The buildings – which have not been used since 1943 – have been transformed into the hotel’s suites and villas, where, Bensley says, “every guest feels as though they’re in their own boutique, departmentalised hotel.”

“The key idea is to break down the scale of a large hotel into a series of smaller ones,” he told CLAD. “The idea of re-inhabiting, reusing and reinventing an old university is a cool one, in that almost everyone loved their days in college.
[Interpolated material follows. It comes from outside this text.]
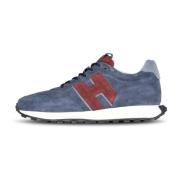 Hogan Avslappnade Multifärgade Mocka Sneakers Blue, Herr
It was one’s heyday, and to be able to re-live part of that joy on vacation, on a pristine beach, well, that is just totally a new experience.”

The design concept is focused on the process of learning and discovery and the influence of Lamarck – who laid the groundwork for Darwin’s theory of evolution. Hand-painted walls depict flora and fauna, sculptures of animals are present in the buildings, and objects preserved from the university can be seen throughout the hotel.

“In this very competitive world of hospitality design it’s paramount that everything we do is original,” said Bensley. “Creating layers and layers of stories that our guests can live seems a clear way forward.”

A key component of the resort is the Spa Chanterelle, with six couple’s treatment rooms, a body treatment suite, a hair salon and steamrooms and saunas. Located in the university’s old physical education department, the design is inspired by mushrooms – which Vietnam’s French colonists believed have therapeutic properties, and which residents of Phu Quoc traditionally foraged from the jungle.

Mushroom shapes are found in the furnishings and stencilled artwork on the walls, and botanical illustrations adorn the ceilings, adding a surreal quality. References from Alice in Wonderland also feature heavily. In one corridor, asymmetric arches curve at angles to create a layering effect, echoing Alice's fall down the rabbit hole.

“Mushrooms provide a historically correct fantasy element that seemed to be a perfect match for this spa,” Bensley said. “I’ve collected some 20 samples of dried, foraged mushrooms and these are on display at the entry to the spa and in a turn-of-the-century French shop cabinet. Unique touches like that are important. To coax guests from the comfort of their rooms, the spa has to be even more enchanting.

“The references to Alice in Wonderland are there because the book was published in 1865, the year the university was inaugurated.”